__TRY IT__:
Leaving out every picture, quote the data below exactly as it appears.

__SOURCE DATA__:
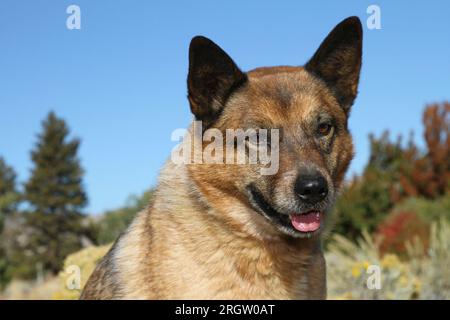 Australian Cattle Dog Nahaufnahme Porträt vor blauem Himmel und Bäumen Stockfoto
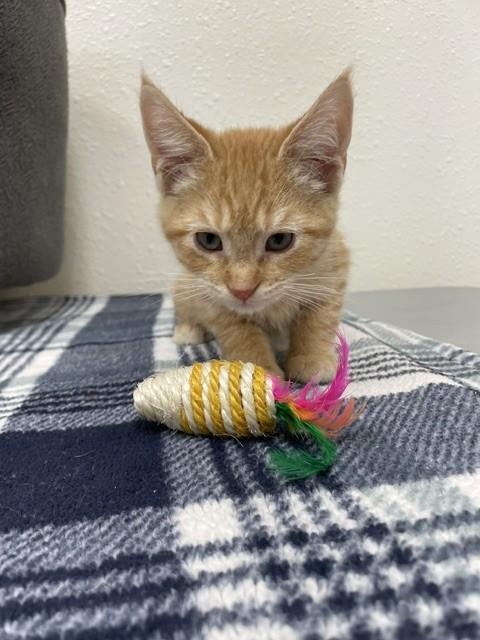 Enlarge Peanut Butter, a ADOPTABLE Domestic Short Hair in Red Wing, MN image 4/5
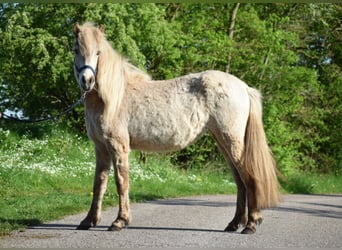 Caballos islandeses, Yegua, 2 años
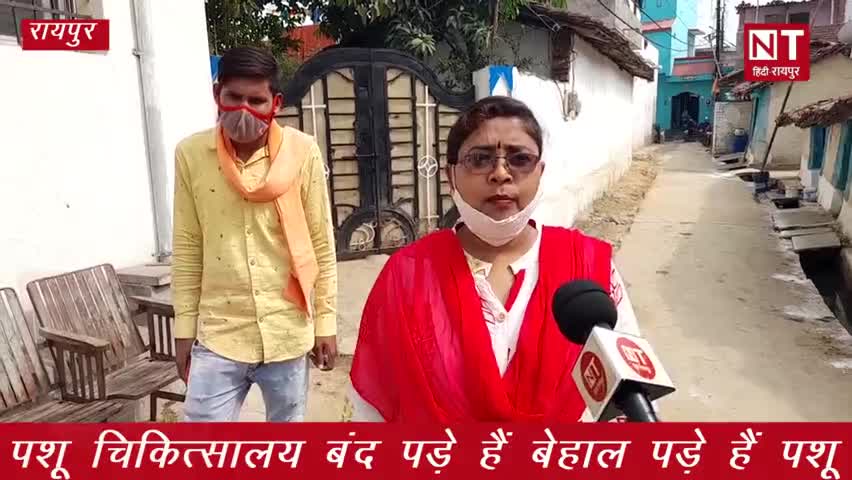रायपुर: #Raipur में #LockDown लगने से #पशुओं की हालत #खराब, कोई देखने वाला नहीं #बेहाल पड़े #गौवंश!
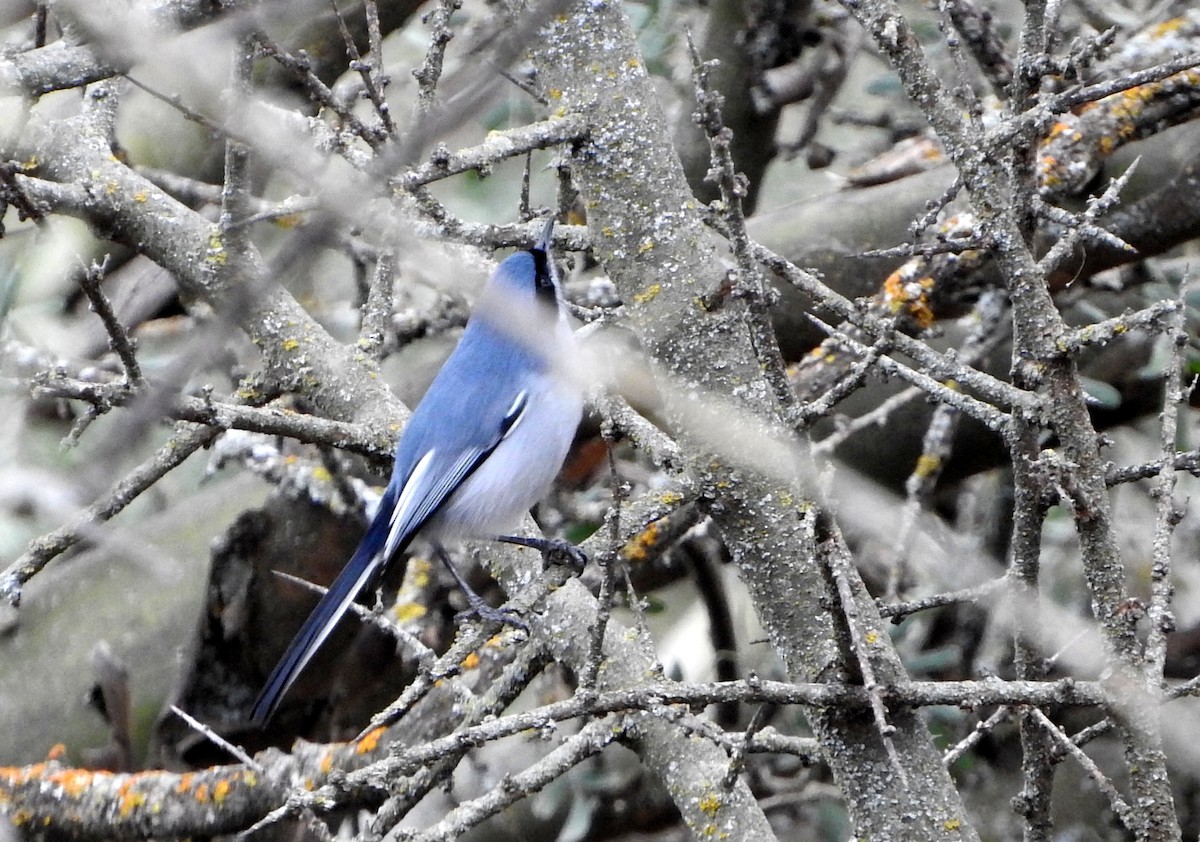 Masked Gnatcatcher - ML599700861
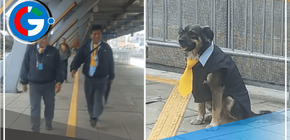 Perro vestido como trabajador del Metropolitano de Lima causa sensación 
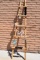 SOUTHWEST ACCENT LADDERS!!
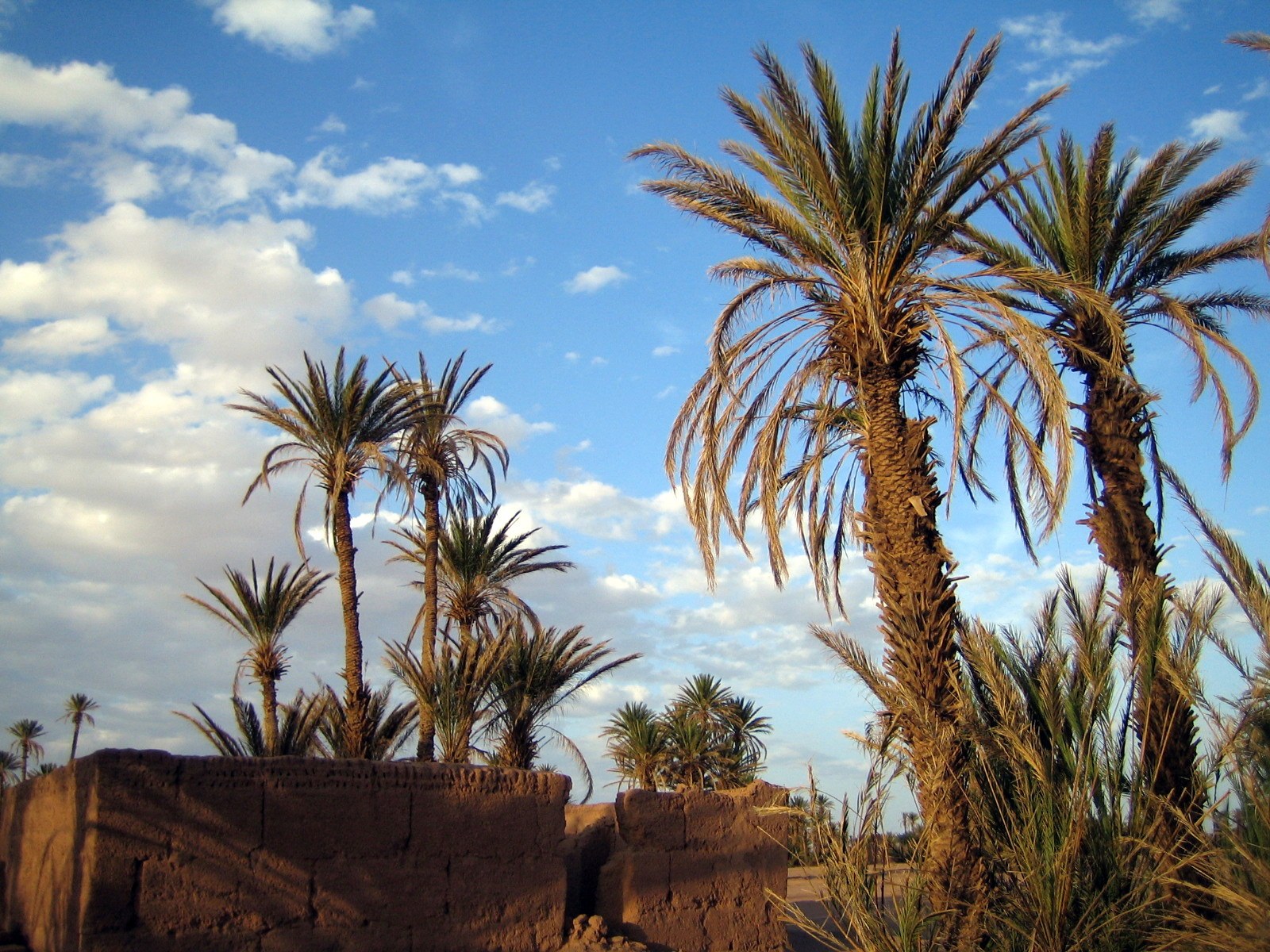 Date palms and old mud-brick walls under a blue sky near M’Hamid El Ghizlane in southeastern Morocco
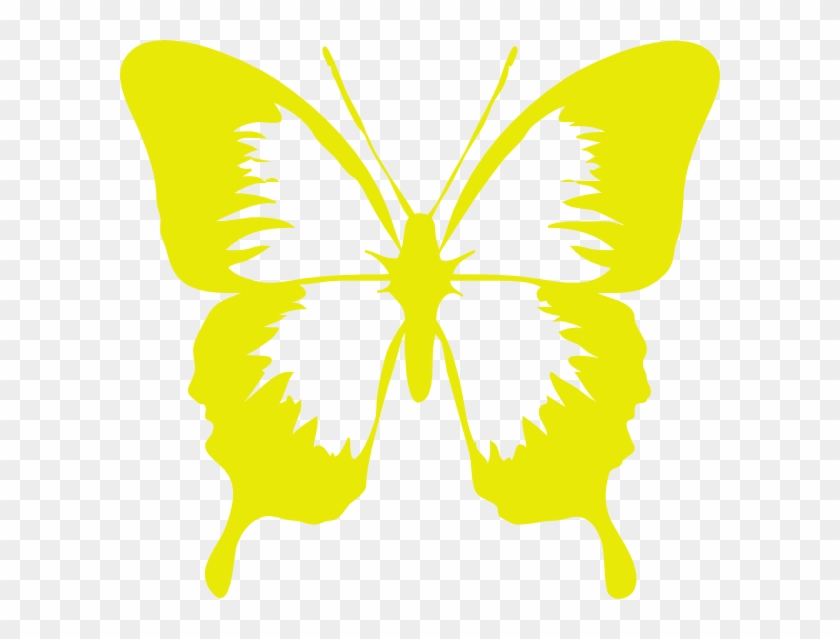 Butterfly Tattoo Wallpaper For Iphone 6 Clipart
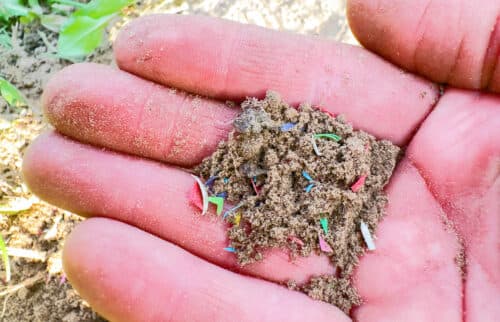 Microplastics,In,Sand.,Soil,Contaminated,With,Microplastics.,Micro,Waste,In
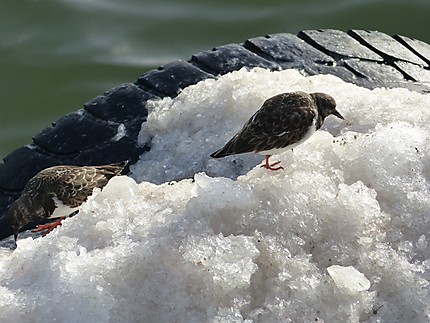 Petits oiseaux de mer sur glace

__FINISHED TASK__:
 Australian Cattle Dog Nahaufnahme Porträt vor blauem Himmel und Bäumen Stockfoto
 Enlarge Peanut Butter, a ADOPTABLE Domestic Short Hair in Red Wing, MN image 4/5
 Caballos islandeses, Yegua, 2 años
रायपुर: #Raipur में #LockDown लगने से #पशुओं की हालत #खराब, कोई देखने वाला नहीं #बेहाल पड़े #गौवंश!
 Masked Gnatcatcher - ML599700861
 Perro vestido como trabajador del Metropolitano de Lima causa sensación 
 SOUTHWEST ACCENT LADDERS!!
 Date palms and old mud-brick walls under a blue sky near M’Hamid El Ghizlane in southeastern Morocco
 Butterfly Tattoo Wallpaper For Iphone 6 Clipart
 Microplastics,In,Sand.,Soil,Contaminated,With,Microplastics.,Micro,Waste,In
 Petits oiseaux de mer sur glace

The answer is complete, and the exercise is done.